During a question-and-answer session, one audience member asked about a recent video described as showing male athletes laughing as a teammate made a sexual joke. Miller-Idriss called it an example of how easily people “don’t stand up,” noting that bystanders often tell themselves they did nothing wrong because they weren’t the person who made the joke.
But silence still sends a message, she said, especially in environments shaped by peer pressure.
Asked what can change the online ecosystem, Miller-Idriss said she supports social media regulation but doubts sweeping changes are likely in the U.S. under the current legal framework, pointing to the protections platforms receive as content hosts. In the absence of regulation, she advocated for teaching young people and caregivers how online actors profit from outrage, misinformation and gender grievance narratives.
Despite frustration with U.S. inaction, Miller-Idriss expressed cautious optimism, citing the response to her work from educators, students and men’s wellness groups seeking healthier models of masculinity.
“Young people are hungry to have these conversations,” she said.

In attendance at the lecture was Malcolm Astley, Lauren’s father, who delivered brief remarks where he thanked the program’s organizers. Astley also shared details about his daughter’s death and her ex-boyfriend’s behavior leading up to it before thanking the audience for the courage and honesty in confronting the issue of intimate partner violence.
Such violence is not isolated, he said. As many as three girls and women are similarly killed each day in the United States. Nearly one in 10 teens experience physical abuse within intimate partner relationships.

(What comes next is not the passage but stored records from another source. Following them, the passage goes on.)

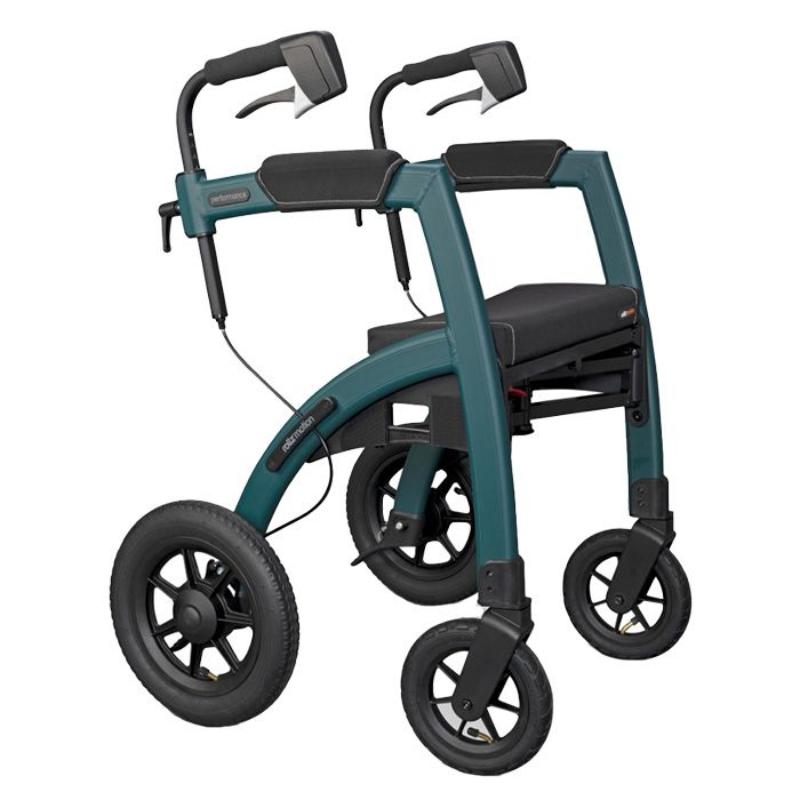 Lichtgewicht rollator en rolstoelpakket - Rollz motion performance jungle green {{ variant_name }} {{ option1 }} {{ option2 }} kopen bij Hulpmiddeldiscounter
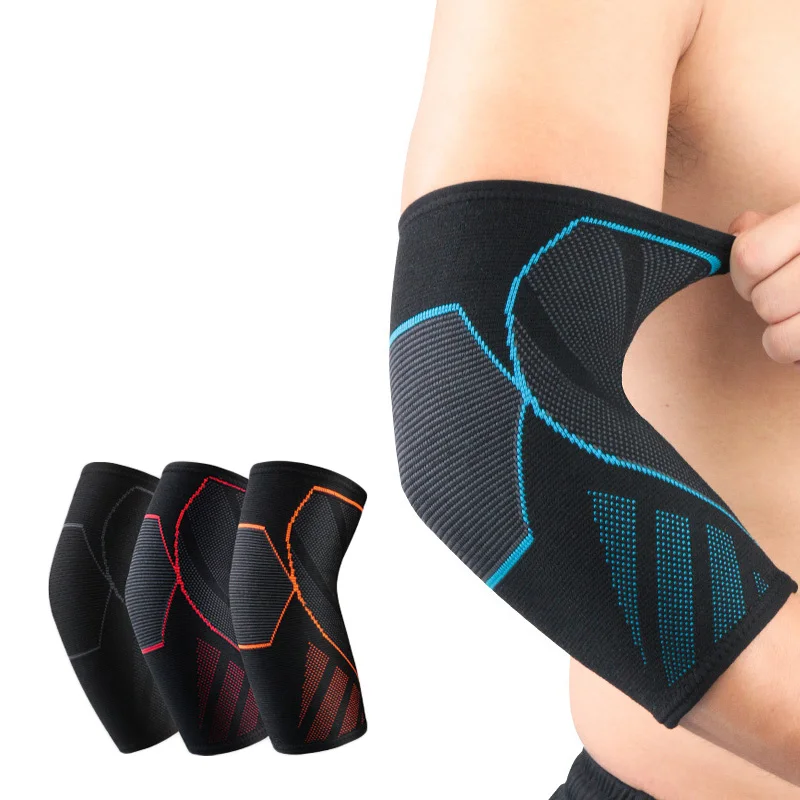 High Elastic Knitting Elbow Sleeve Sports Elbow Support Brace For Fitness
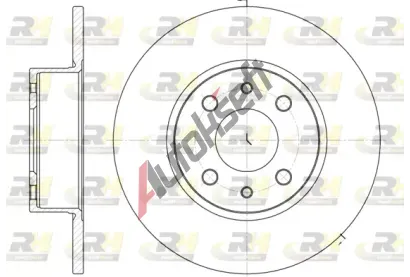 ROADHOUSE Brzdov kotou - 251 mm RDH 6150.00, 6150.00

“I hope we can gain important and effective insights this afternoon on this vital matter of building self respect in ourselves, in others, and in future generations, to provide care and dismantle false drives to gain self worth by creating power over others,” Astley said. “Thank you for taking on the challenges together and building a strong, caring community.”
About the Lecture Series
The Lauren Dunne Astley Memorial Lecture is supported through a gift from the Lauren Dunne Astley Memorial Fund, started by Lauren’s parents, Malcolm Astley and Mary Dunne, to educate and inform the Elon University community about mutually effective relationships, emphasizing preventing boys’ and men’s violence against girls and women and other boys and men.
Astley was to have been a member of the Class of 2015. In July 2011, she was murdered by her former boyfriend, who was sentenced to life in prison for his crime. Directed by Elon’s Women’s, Gender, and Sexualities Studies program in partnership with other university offices and programs, the Lauren Dunne Astley Memorial Lecture features speakers, workshops, or any educational program formats that speak to the mission of the gift.